La primera vez que amas sin condición, cuando no lo conoces, no sabes quien es, su libro de vida está en blanco, sos su única referencia, confía en ti, eres todo lo que conoce, y tu no sabes nada de él. Y se creo el amor.
Primero amas la idea. Te asustas. Sueñas.
Luego sientes latidos, pataditas, movimientos, y empieza a darse una conexión más física. Se materializa la existencia de tu hijo en tu vientre.
Después de meses de espera al encuentro extra corporal, se conocen, tocan sus pieles, después de haber llevado su creación milagrosa naturalmente increíble, dentro de ti.
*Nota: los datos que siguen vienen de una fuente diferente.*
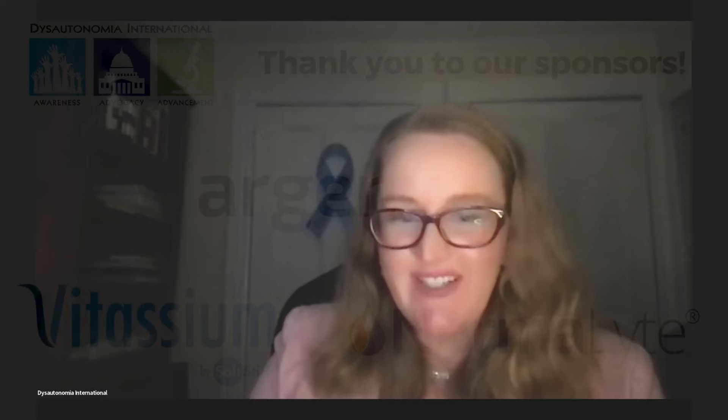Good evening, everyone. We're going to take a minute or two to let everybody get logged in. Thanks for joining us this evening. My name is Lauren Stiles. I'm the president and founder of Dysautonomia International. And I'm very pleased to be joined this evening by Daniel Lee, who is one of the inventors of the STAT Health ear device that many in our patient community have been talking about lately.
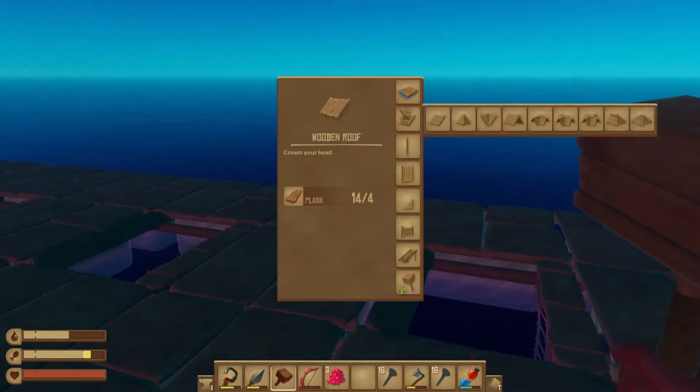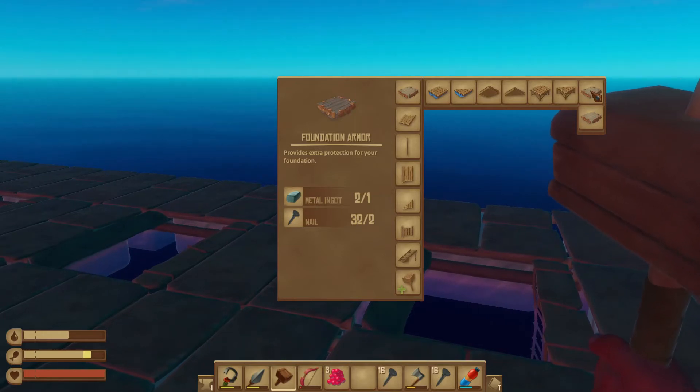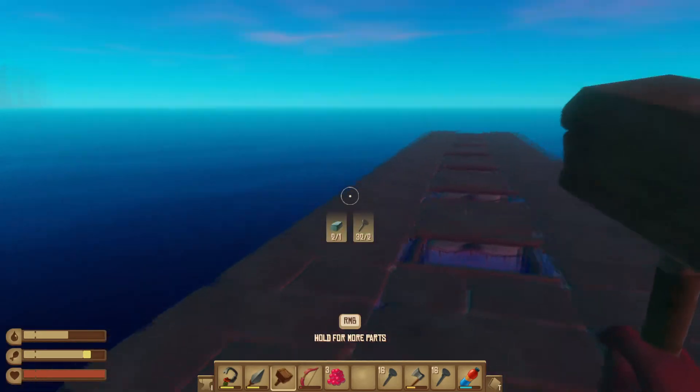You've got to build this foundation armor. It takes a metal ingot and two nails. It's kind of expensive, and it needs to go through the entire perimeter of your boat.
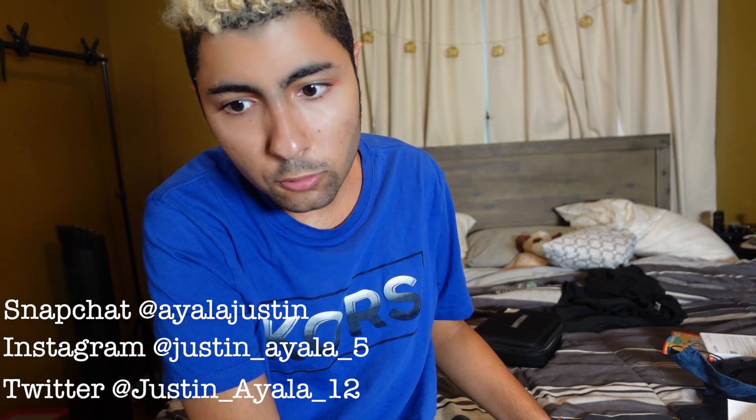Hi guys, what's up? So in today's video I am going to be showing you my brand new drone. I was going to say an unboxing, but I have already unboxed it and used it. I'm actually going to show you it and I do have footage that I'll probably insert in the video somewhere.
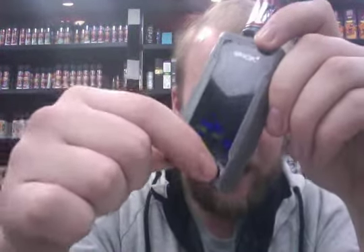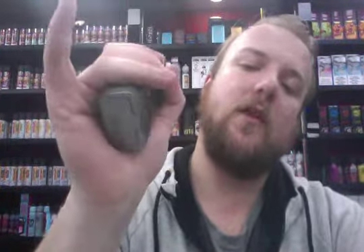It's a dual 18650 battery mod, giving you up to 6,000 mAh in terms of battery life if you use the right batteries. You have the full screen display and a Type-C charging port, which is very nice. Type-C is the way forward when it comes to e-cigs now. Side fire bar — you just squeeze the mod and it will fire for you, which is very nice.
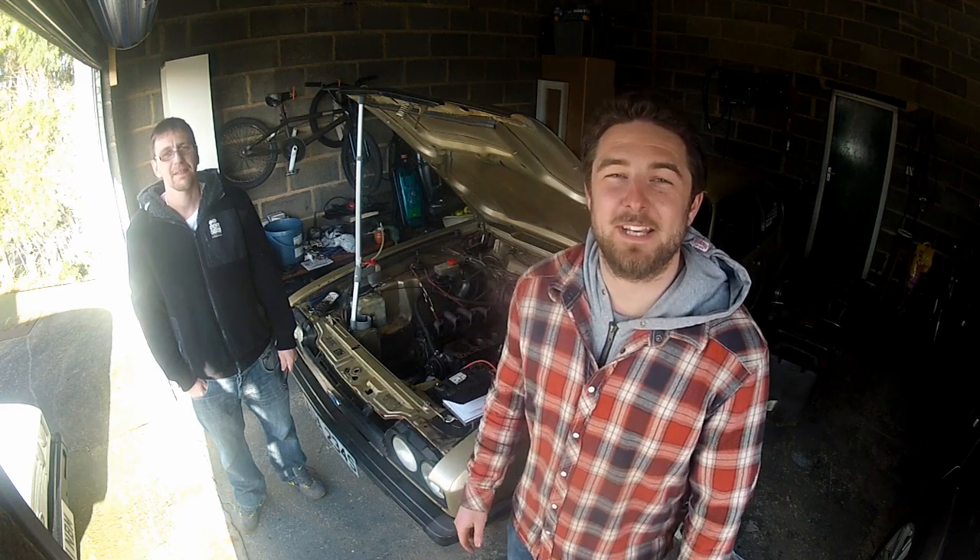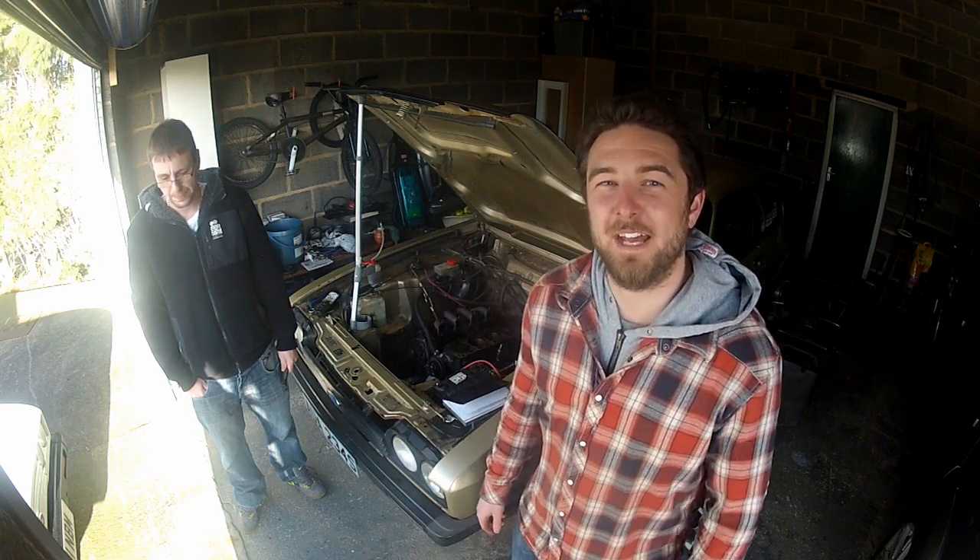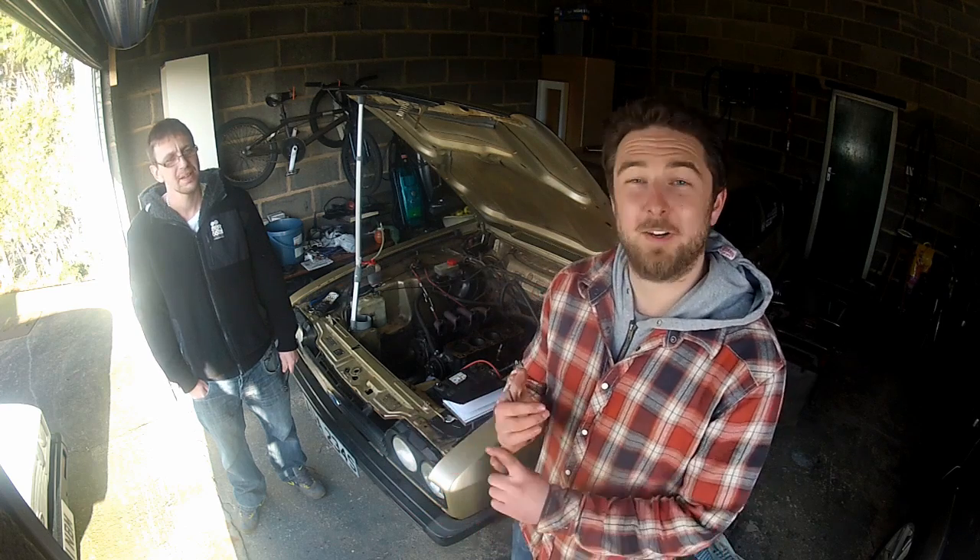Welcome to the Fastrust Garage and the first tech tip video. Re-fitting a cylinder head, having problems lining up the block, the gasket and the head — I'm going to show you an easy way to do it.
Le hablas, lo abrazas, lo alimentas, lo proteges. Todo por instinto. Naturaleza. Vida en su mejor momento.
Amas. Creas más amor. Das amor. Recibes confianza, recibes paz, proteges y das paso a su personalidad.
Respetas y sobre todo liberas.
El amor de una madre es lo más sabio y naturalmente maravilloso. Sin prejuicios. Siempre.
Amor para siempre. Desde la primera célula hasta la última.
Amor que da paso a la vida y a la libertad. Que enseña y aprende.
Por alguna extraña razón ese amor no se repite. No se copia ni se inventa. Se crea solo y es exclusivo.
Y es increíble lo que el amor en su mejor versión es capaz de hacer.
Los amo hijos, y no espero nada más que sean felices y puedan entender mis decisiones.